Authors: Professor Ruth Greenaway, Dr Zachery Quince, Southern Cross University
Focus area: Governance
Southern Cross University (SCU) took a first principles approach to policy development, supporting a strategic goal of ubiquitous gen AI use and positioning gen AI as an educational tool. An initial, binary model, where academics either permitted or prohibited gen AI use, overlooked disciplinary needs, causing confusion for staff and students, and limiting meaningful engagement.
Seeking greater inclusivity and flexibility, SCU transitioned to a five-tier gen AI model, informed by the AI Assessment Scale and supporting the assessment principles of the Southern Cross Model. It mapped a continuum from prohibiting use to open collaboration, specifying permissible uses. The model, though pedagogically robust, proved complex in practice, presenting challenges to staff adoption and consistent implementation. In 2025, SCU introduced the Gen AI Tool Use Descriptors, a pragmatic three-level model of assessment security levels. Assessments now explicitly indicate their gen AI stance at Level 1, 2 or 3.
This approach is designed to normalise gen AI as part of academic practice while promoting accountability and meeting the learning and teaching objectives. It is embedded in formal assessment protocols, with specific gen AI guidelines available for each task, evidentiary requirements and a compulsory student declaration, fostering openness and ethical engagement.

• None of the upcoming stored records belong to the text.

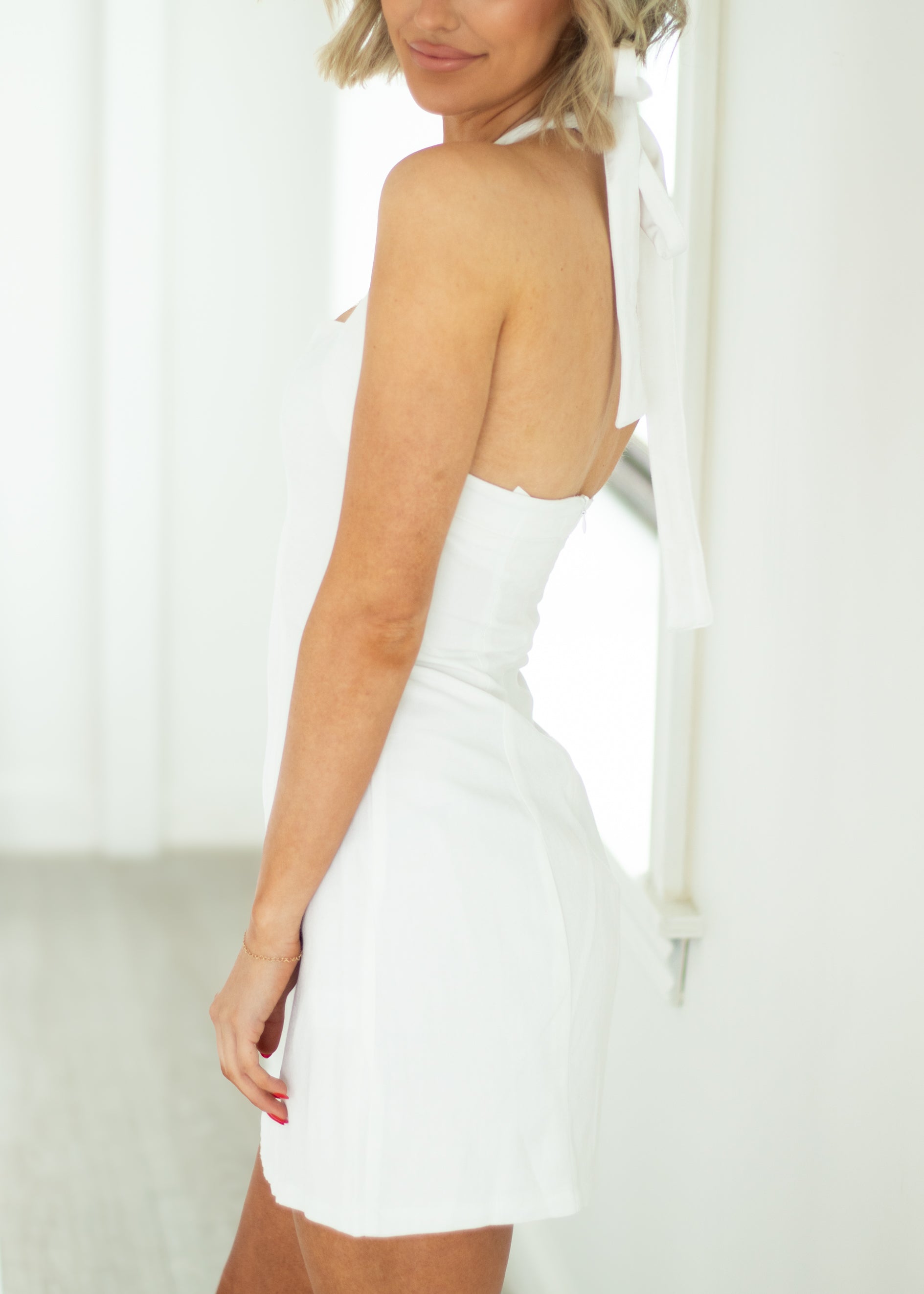 White dress worn by a person with a blurred background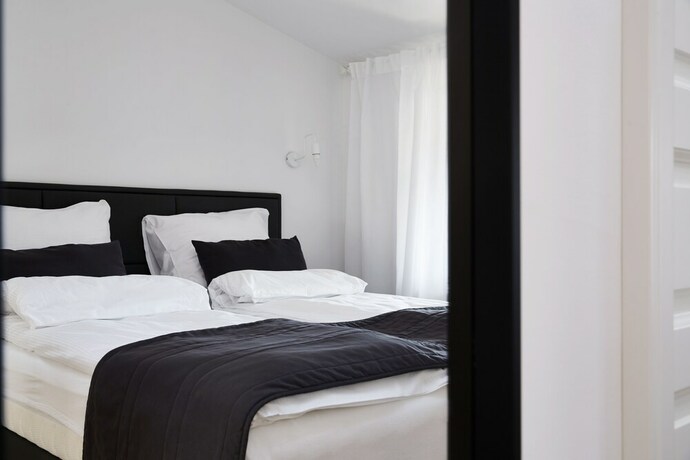 Imagen de la habitación del Hotel 1891 Aparthotel Attic. Foto 19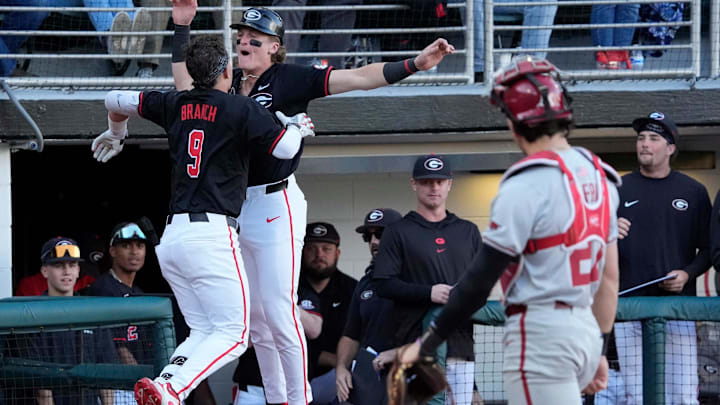 Georgia infielder Kolby Branch (9) celebrates with a teammate after hitting a home run during a NCAA baseball game against Arkansas in Athens, Ga., on Friday, April 11, 2025. Georgia infielder Kolby Branch (9) celebrates with a teammate after hitting a home run during a NCAA baseball game against Arkansas in Athens, Ga., on Friday, April 11, 2025.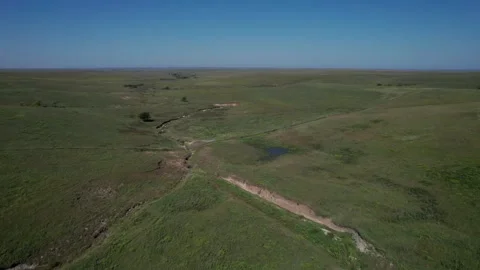 Aerial above the pristine prairies of eastern Kansas Stock Footage 319659578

Implementation of the Gen AI Tool Use Descriptors is underpinned by the Gen AI Descriptor Use Staff Guidelines, which provide assessment specific scaffolding, best practice examples and clear, structured support tailored to different assessment types, enabling academics to confidently integrate gen AI tools into their teaching and evaluation processes.
Grounded in robust research on ethical considerations and student learning behaviours, the guidelines help staff define task expectations, document gen AI use and navigate the complexities of balancing gen AI’s benefits and risks. These measures strengthen academic integrity by promoting ethical engagement with gen AI and fostering a culture of transparency, consistency and accountability.

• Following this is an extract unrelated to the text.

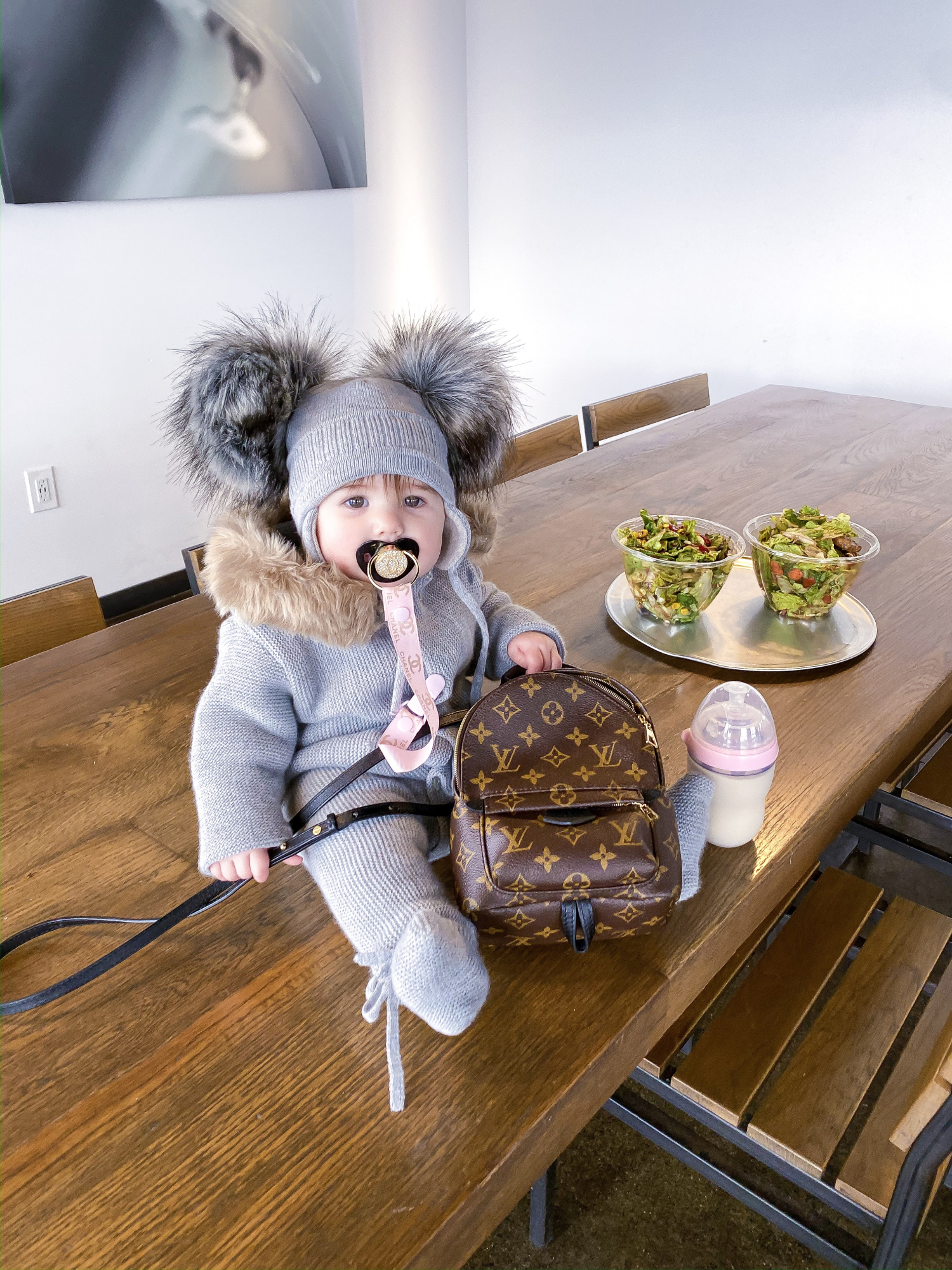 baby girl fashion pinterest, louis vuitton palm springs backpack | A YEAR IN REVIEW : MASSIVE 2019 INSTAGRAM RECAP by popular Oklahoma life and style blog, The Sweetest Thing: image of a baby sitting on a table next to some salad bowls and wearing a grey double pom-pom hat and holding a Louis Vuitton mini backpack. 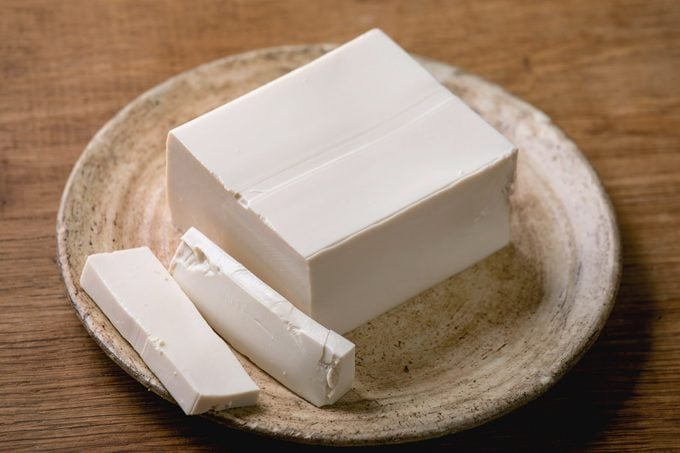 silken tofu on a plate on top of a wooden table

Key lessons or points for implementation
- Establish a structured approach introducing models of gen AI use with clear guidelines for staff and students.
- Adopt proactive educative strategies that provide comprehensive resources, and examples to support both staff and students, to ensure confidence and clarity in implementation.

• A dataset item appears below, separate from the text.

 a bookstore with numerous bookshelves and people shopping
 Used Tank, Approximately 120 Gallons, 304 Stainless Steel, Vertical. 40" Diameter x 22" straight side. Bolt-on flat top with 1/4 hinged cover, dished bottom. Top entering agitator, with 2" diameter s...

- Encourage a culture of ongoing adaptation in response to gen AI advancements and evolving industry practices.

References
- Perkins, M., Furze, L., Roe, J., & MacVaugh, J. (2024). The Artificial Intelligence Assessment Scale (AIAS): A framework for ethical integration of generative AI in educational assessment. Journal of University Teaching and Learning Practice, 21(06)
- Quince, Z., & Nikolic, S. (2025). Student identification of the social, economic and environmental implications of using Generative Artificial Intelligence (GenAI): Identifying student ethical awareness of ChatGPT from a scaffolded multi-stage assessment. European Journal of Engineering Education. Advance online publication.